Stripped of Agency: The Paradoxical Effect of Employee Monitoring on Deviance
Journal of Management, Ahead of Print.
Organizations have long sought to mitigate risks associated with unsupervised employee conduct (e.g., employee deviance) through employee monitoring, an approach consistent with traditional theorizing. Yet the effectiveness of employee monitoring as a deviance deterrent has been called into question by emerging evidence suggesting that monitored employees may actually engage in higher levels of deviance. To address this critical tension and shed light on why and when monitoring leads to deviance, we draw upon social cognitive theory to examine the self-regulatory consequences of employee monitoring. We theorize that monitoring paradoxically creates conditions for more (not less) deviance by diminishing employees’ sense of agency, thereby facilitating moral disengagement via displacement of responsibility.
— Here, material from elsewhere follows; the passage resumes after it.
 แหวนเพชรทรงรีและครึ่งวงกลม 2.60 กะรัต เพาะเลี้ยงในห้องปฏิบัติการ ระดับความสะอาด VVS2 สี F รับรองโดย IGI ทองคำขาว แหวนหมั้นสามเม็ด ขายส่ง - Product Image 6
Integrating fairness heuristic theory, we further argue that overall justice provides a powerful heuristic that mitigates the potential loss of sense of agency associated with monitoring. Accordingly, we suggest that employee perceptions of high justice will attenuate displacement of responsibility and, in turn, deviance. Across a field study and an experimental study, we find converging support for our predictions and rule out alternative explanations. This research provides important theoretical and practical insights into how monitoring can be used effectively without also promoting unintended consequences.